But this is the story of our entire civilisation, stretching back through the millennia. Whereas, the glory of our present 9th Manifestation is that the hands of the clock of the Ages are about to converge at the high-noon point; or, as the Mother explained: the Earth is poised beneath the midday supramental Sun, casting no shadows. This is the wondrous message of the Inner Chamber she designed: the Ray falling on the Globe, a play of light which casts no shadows, the ‘symbol of the future realisation’, or the new ‘symbolique’ for this New Age of the Supermind.
Naturally I am interested in AVB’s problem regarding this area of de Lubicz’s work. How can I fail to be when mine undeniably deals with the same issues? However, the approach is of course entirely different. And it is this difference that interests me.
Sri Aurobindo announced the coming of a NEW RACE and an entirely new Power manifesting which would uplift the entire Earth. True, this power had to be brought down and cemented by a group initially. Indeed, first by an individual and then a collectivity. The form Sri Aurobindo’s work took gives us the proof of this arrangement. But this does not imply an elite as an eternally separate entity from the masses, which is what AVB fears the most; and certainly not the sort of elite those fears conjure up in his imagination.

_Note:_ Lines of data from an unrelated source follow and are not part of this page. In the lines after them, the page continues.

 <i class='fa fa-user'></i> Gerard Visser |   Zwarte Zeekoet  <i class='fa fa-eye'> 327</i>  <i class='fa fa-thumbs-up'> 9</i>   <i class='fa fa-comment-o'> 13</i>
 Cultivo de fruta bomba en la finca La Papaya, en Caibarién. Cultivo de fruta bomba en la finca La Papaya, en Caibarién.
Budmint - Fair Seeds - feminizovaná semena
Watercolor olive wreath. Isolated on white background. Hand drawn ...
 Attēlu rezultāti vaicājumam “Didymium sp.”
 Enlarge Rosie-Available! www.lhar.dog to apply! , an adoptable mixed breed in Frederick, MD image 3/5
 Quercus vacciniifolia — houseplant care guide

A central placement in this work grants no privilege to mould, to lead, to control. Being a centre in such a work is a position which, I assure you, none should covet. That individual – or even the initial group – must bear a cross which can only be borne because of a prearranged convergence of conditions which allow the individual to complete a process that others, not poised in this same way, would find impossible to achieve. The weight would be unsustainable. I can be very specific about this, mathematical, let us say. There is nothing of that Hollywood glitter of a Pharaonic elite, or else the glamorous imaginings of psychically inclined individuals who delight the world with their accounts of past lives as members of such an elite. Pleasant reading on a rainy afternoon!
This type of central placement does not grant power over people, a power to control. The individual is poised in such a way that the Power has a central nexus through which the new blueprint and the evolutionary matrix can be imprinted differently. Indeed, my constant experience, right from the beginning, has been that one is merely a witness to the extraordinary workings of the Supramental Shakti – this being one of the means to ‘imprint’. Consequently, I must agree with de Lubicz that ‘perception’ is the key to it all.

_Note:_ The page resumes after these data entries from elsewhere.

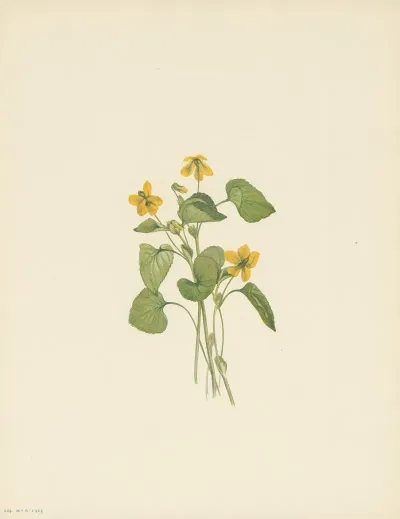 Smooth Yellow Violet Viola Eriocarpa 3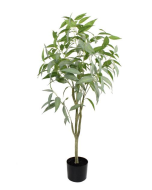 120cm Blue Gum Tree Green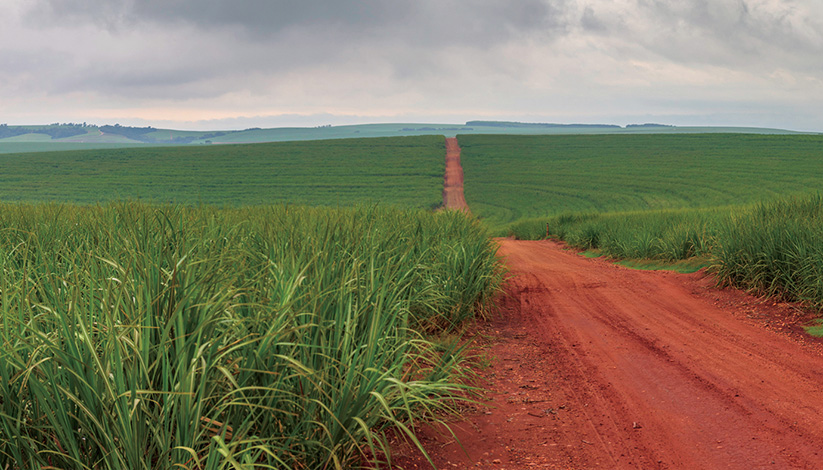 Green field with red shaded path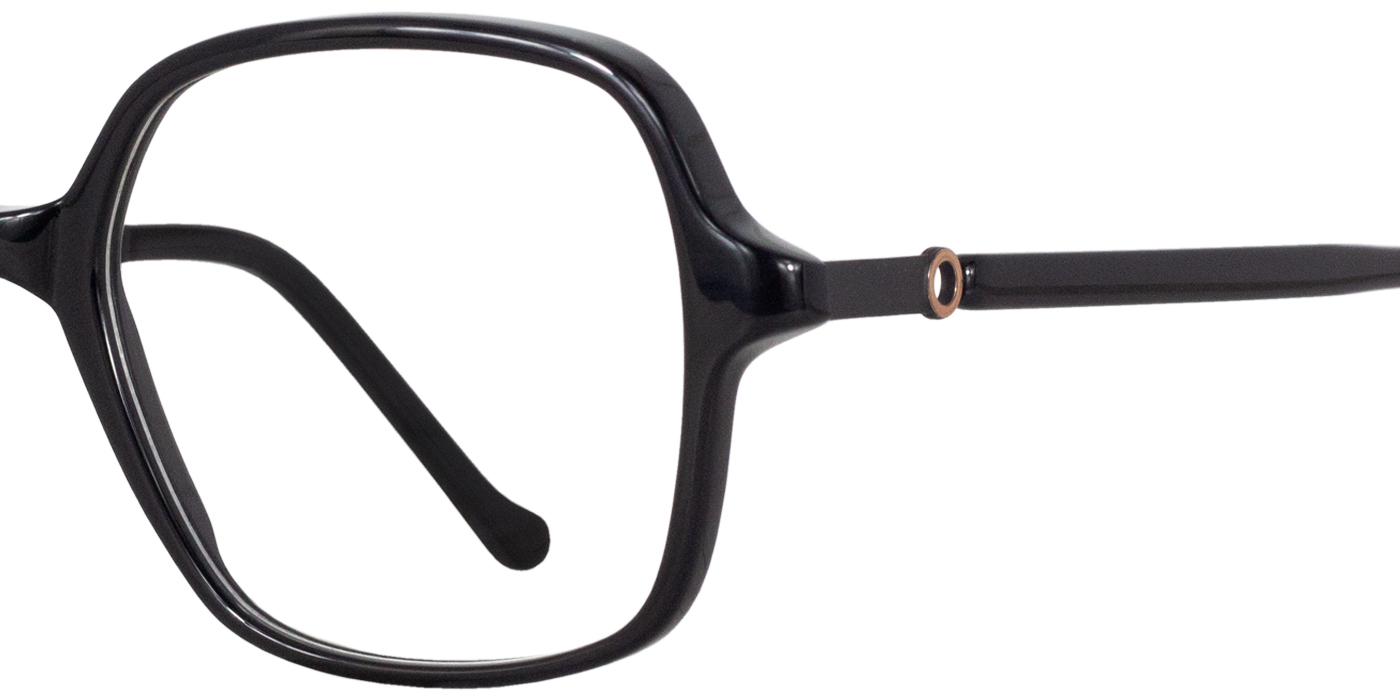 ORPHEE zoom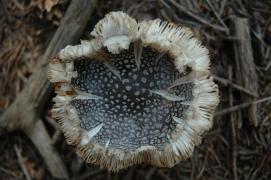 dry mouldering muscaria amanita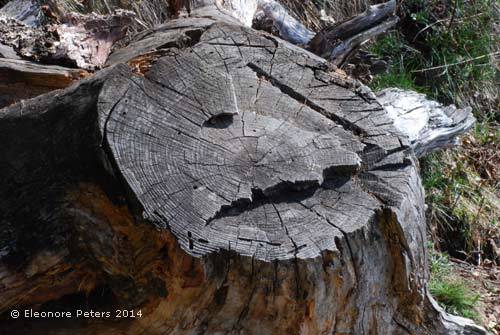 Holzgesicht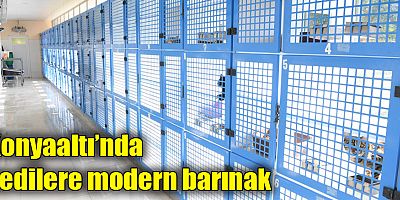 Konyaaltı’nda kedilere modern barınak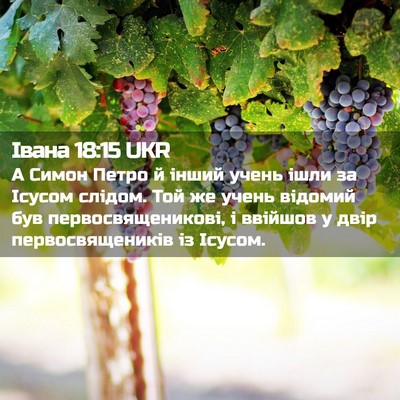 Picture 02 - Івана 18:15 UKR - А Симон Петро й інший учень - Bible Verse Picture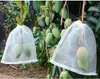 60 Stück Obst Schutzbeutel mit Kordelzug, Insekten Produktbild-Vorschau 4
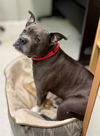 adoptable Dog in , MA named ODIE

There is another point. This action which utilises the harmonies of the spheres for its implementation, uses channels available to it NOW, in the present. That is, it works through the actual conditions existing for the individual and the group and society as a whole. This point has been made more than clear in all my books – in particular The New Way. Just review the details of the Solar and Lunar Lines, especially the latter.

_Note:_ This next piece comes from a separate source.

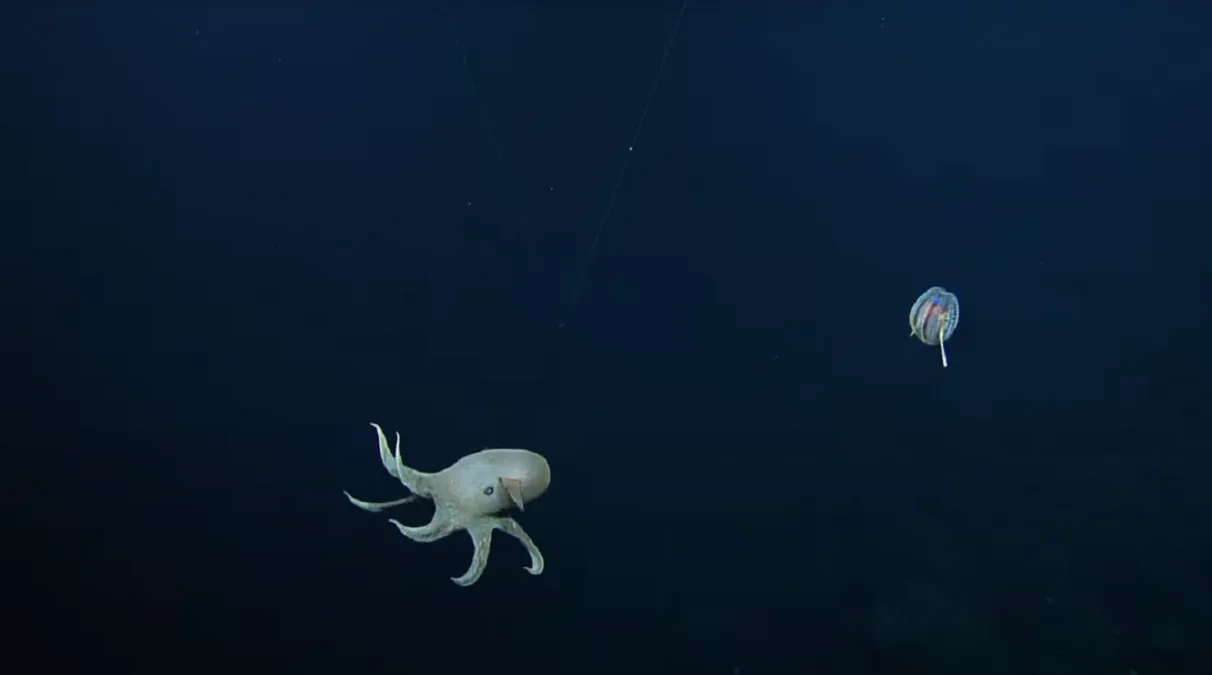 Expedición graba pulpo Dumbo “fantasmal” en las profundidades del mar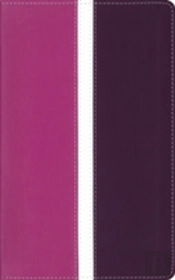 Amplified Holy Bible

No doubt this evidence – of a line of individuals ‘destined to rule’ – would shock AVB. He would see in it the same ominous spectre of ‘dynastic rule’ which the opposition in India bemoans with monotonous regularity. But the point is, this arrangement has not been imposed on the people. They themselves have elected three members of the fourfold Line to power. And none can claim that those elections were rigged or that the Government in power manipulated the voters in unacceptable ways to achieve these results – at least no more than is normally done by parties in power throughout the world. No, the manifestation of destiny at work to bring about a ‘dynastic rule’ was carried out in the world’s largest democracy and through the popular vote in a series of elections spanning more than four decades. And yet the entire pattern and its intimate connection with the Solar Line through a unique harmony of Number, displays a new mechanism realistically rooted in the present, in world conditions as they are today. But yet it is a pattern and mechanism expressive of a most unique body of higher knowledge which might certainly be the envy of any former civilisation, sacred in its innermost core and being.
How would AVB deal with this happening? How would it affect his subconscious fears and his preferences and fixed ideas? How would it affect his stress on equality versus hierarchy which he sees to be the root of those shadow manifestations such as Nazism, or perhaps even de Lubicz?
In The New Way I describe a truly egalitarian society, in my view the only true equality attainable by the human being. That is, only in bringing about the new alignment in the matrix of the race, which permits this same alignment to be the new foundation for each person on this planet, can there be an experience of true equality.
In the meantime, while this work remains to be completed, it is not implied that there is a ‘divine right’ to rule of a privileged elite, lording over others by virtue of a superior knowledge or whatever. The ‘divine right’ the nuclear group enjoys is the command to serve, and to serve in this foundation of a new society, not by CONTROL over others but by being instruments more intrinsically at one with the Time-Spirit and therefore in a position to affect the change in those areas and levels which others would never wish to penetrate.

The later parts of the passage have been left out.